過去形、仮定法での表現が妥当であろうとするなら、とても残念、・・。
それでも、彼らがその後の時代に交流があったことを望んでしまいたくなる、魅力ある人物たちです。
物語は、1940年、三国同盟が結ばれた頃が舞台です。冒頭は作者の短い前書き、さらに戦後の1964年のF1レースにわく欧州からスタートするのですが、どう展開していくのかと思ううちに、惹きこまれていきます。 さまざまな人たちの過去に関する小さな記憶が、やがて結びついて、当時の、とある計画をめぐる、人間模様があきらかになっていきます。
登場人物のうち、幾人かは、主人公同様、2作目、3作目にもつながって、活躍あるいは回想で登場しています。
それにしても、山脇順三さん、こんな遊び人だったんですか?
先に、『ストックホルムの~』などを読んでいたので、奥様ベタボレの印象が強くて、そんな「経歴」があったなんて。
個人的にしょっぱなの驚きは、それでした。
安藤から、鉄拳食らわなくて、ほんとによかったですね。
空の彼方まで、すっ飛ばされてしまいそうです。
海軍で厄介者扱いされた飛行士、安藤と、部下であり友人ともいえる乾恭平、腕は超一流でありながら、飛行機に乗る機会を奪われていたこの二人に、とある極秘任務の話が舞い込みます。
そして、選ばれた2機の零戦が、ペアを組んで、大陸を横断していく、わずか数日、といえど、当時の世界の状況からいつなにがあってもおかしくない、緊迫の旅路。
途中、強く勧められても1機で飛ぶことを拒否して、あくまでも2人で飛んでいきます。 その理由は。
2機が「機体」のメンテナンスの面から、故障時に部品供給庫となってお互いを補完しうる存在になる可能性は、安藤や乾が口に出していたことですが、このほかに「操縦者」も、お互いを助けうるための存在、であったことが分かります。
つまり、いざというとき、緊急事態の場合、もし自分が単機になっても、相手が単機になっても、どちらも任務を遂行できるか。それだけの能力を持っているか。
安藤が乾を即時に推薦し、乾もまた安藤と組んで飛ぶ仕事、それだけで任務の詳細も聞かず即決したのは、電流のごときまさに以心伝心、自分が相手を、相手が自分を必要としていることが分かっていたのだ、ということが、後からじわり、と伝わってきて、じーんとくるものがあります。

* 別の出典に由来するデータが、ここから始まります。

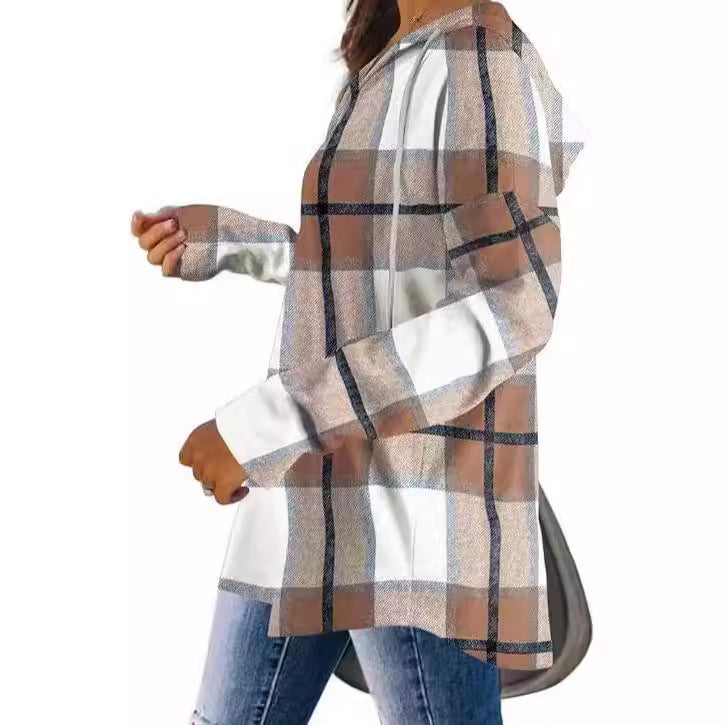 Chemise à carreaux décontractée pour femmes avec capuche Chic und Stil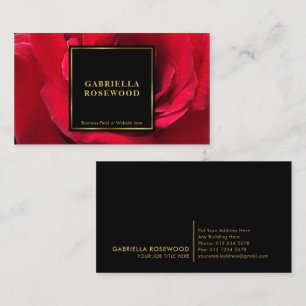Elegant Red Rose Floral Designer Gold Frame Black Business Card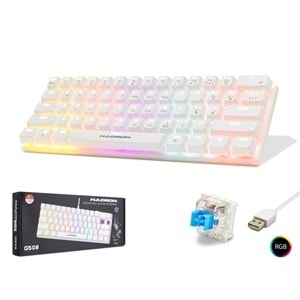 HADRON G508B Mekanik Gaming Mini Klavye Blue Switch RGB 61 Tuş Beyaz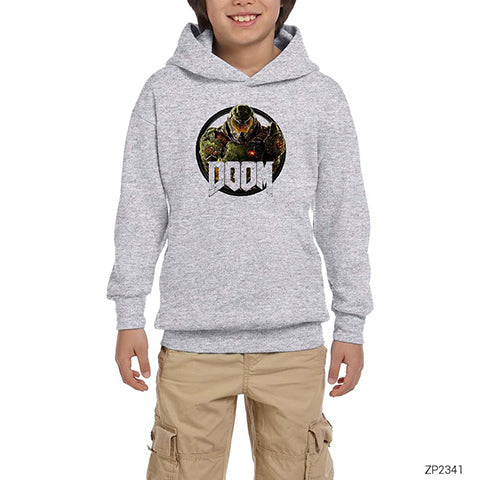 Doom Hero Gri Çocuk Kapşonlu Sweatshirt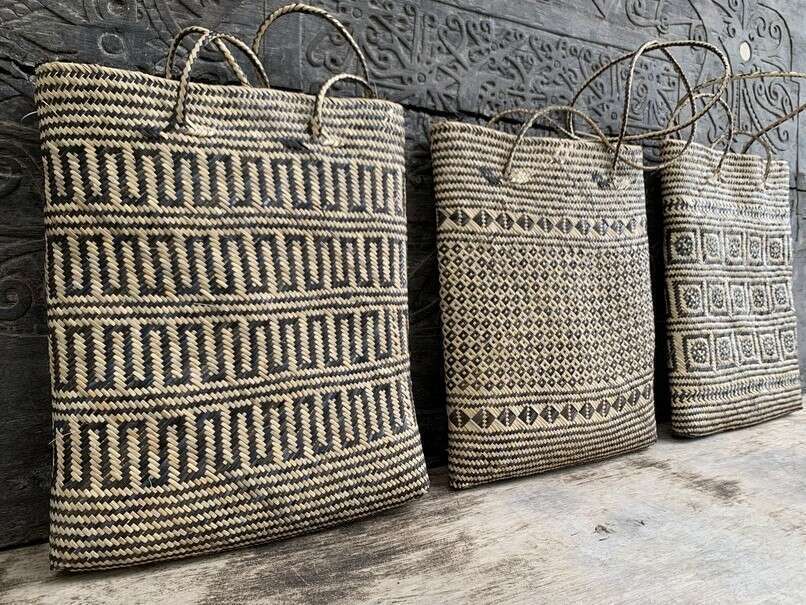 Tribal Bag (3 Pieces) Shoulder Bag Weaving Basket Tote Handbag Traditional Rattan Fiber Art Tribal Bag (3 Pieces) Shoulder Bag Weaving Basket Tote Handbag Traditional Rattan Fiber Art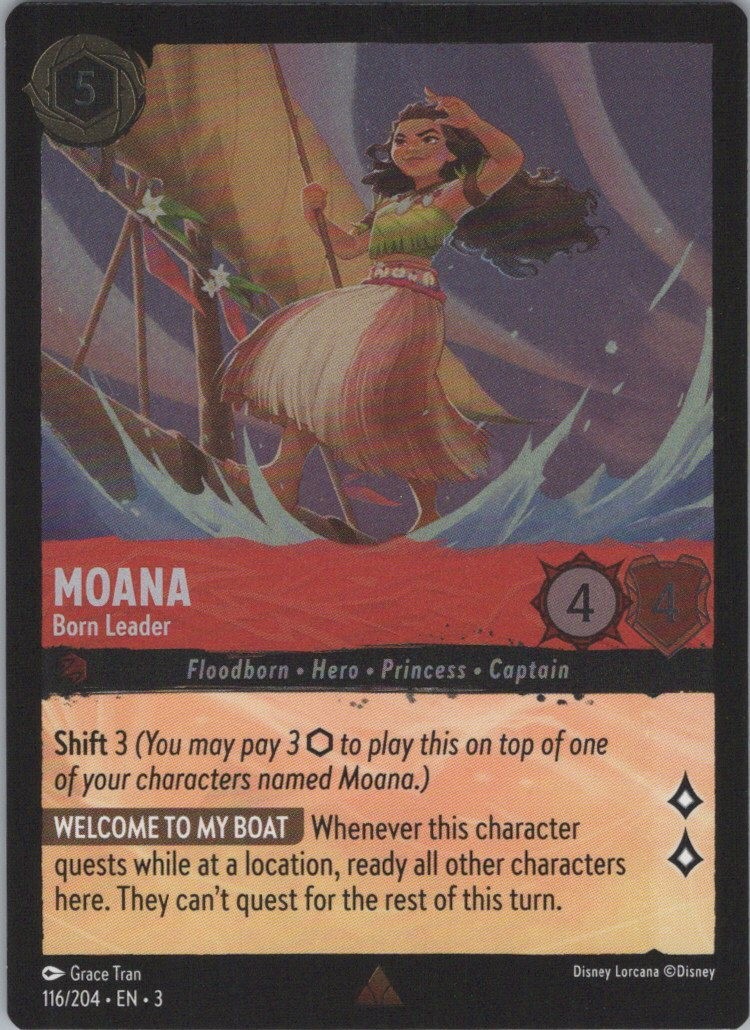 Lorcana Foil Moana - Born Leader Into the Inklands 116/204 Rare NM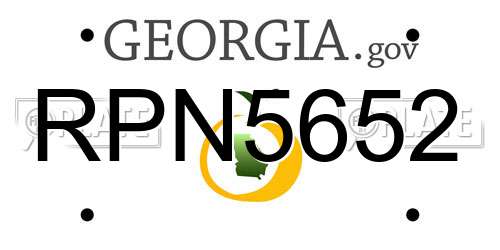 RPN5652 Georgia License Plate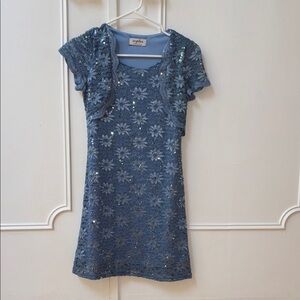 Blue Sequin Kids Formal Dress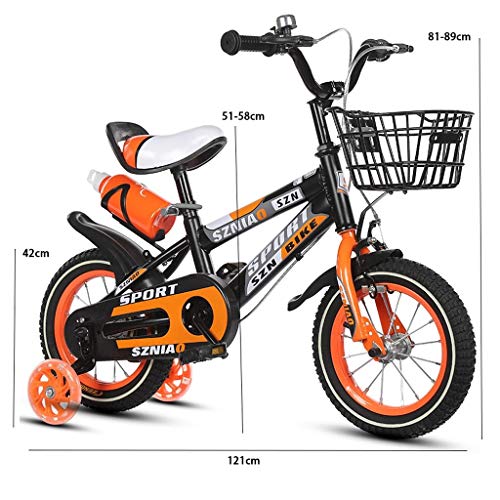 LKAIBIN Bicicleta de campo para niños de 18 pulgadas para niños y mujeres de 6 a 9 años de edad Bicicletas de acero de alto carbono, naranja/azul/rojo bicicleta para niños (color naranja)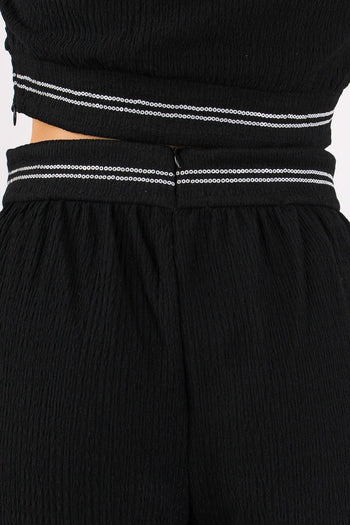 Pantalone Palazzo Goffrato Nero - 8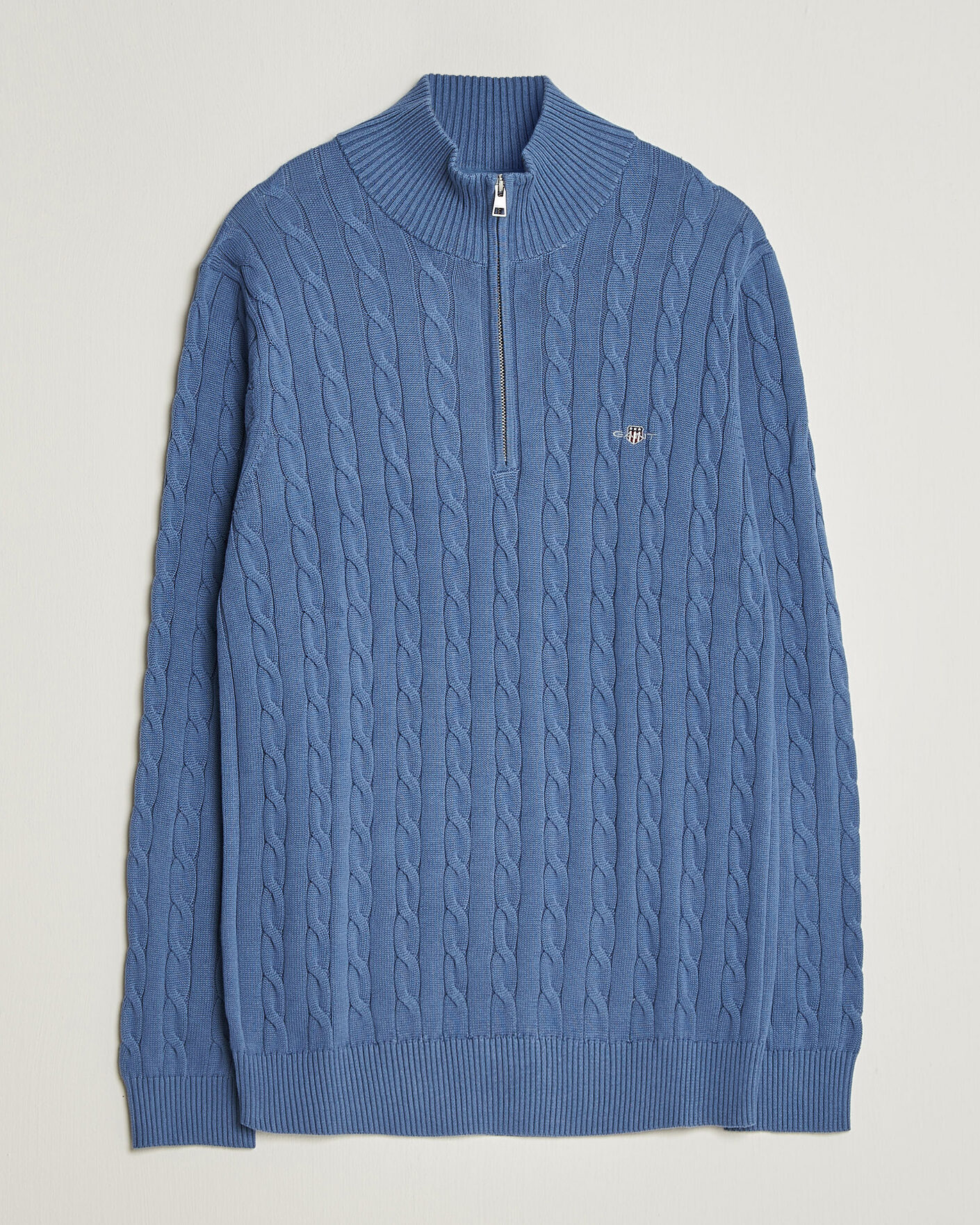 Herre | Trøjer | Gant | Cotton Cable Half Zip Blue Horizon
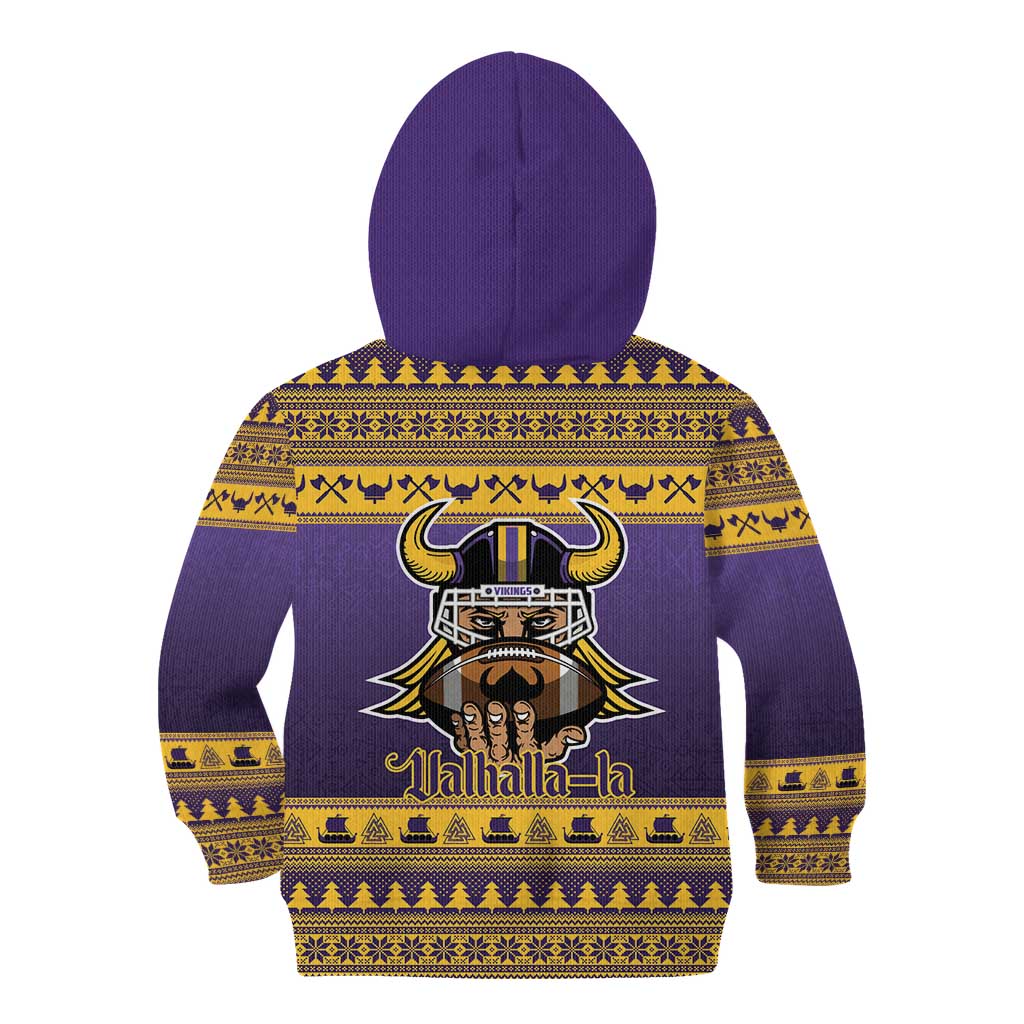 Viking-Inspired Football Christmas Kid Hoodie Valhalla-la Viking Warrior - Wonder Print Shop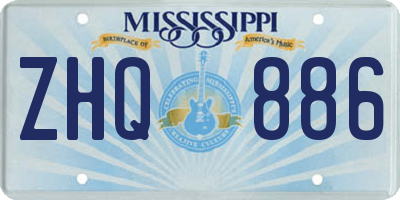 MS license plate ZHQ886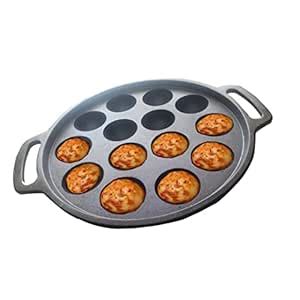Buy Karthik Pre-Seasoned Cast Iron Black Paniyaram Pan 14 Cavity Double ...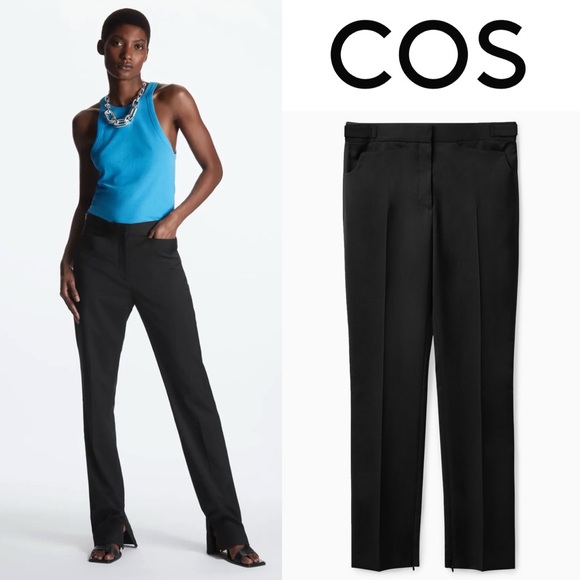 NWT STRAIGHT LEG WOOL PANTS BLACK 14 Angled Front Pockets...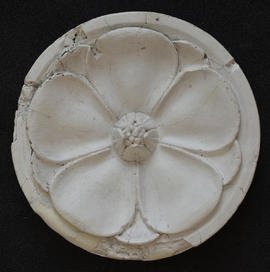 Plaster cast of roundel with flower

そのことが最初からわかっていたからこその、空の上での互いの判断。
そしてそれほどに危険な任務と分かっていてでも、大好きな飛行機で空を飛べる、その機会を選んだ飛行機乗りたち。
当時の世界の、日本での情勢の中、つかの間の自由を味わえる、大空の上を望んだ彼ら。
2人がとったどちらの行動も、強い絆で結ばれた男たちの、心と卓越した能力ゆえのもの、つい目頭が・・。
世界地図を広げて、軌跡をたどりつつ、ぜひ読んでみたくなる1冊です。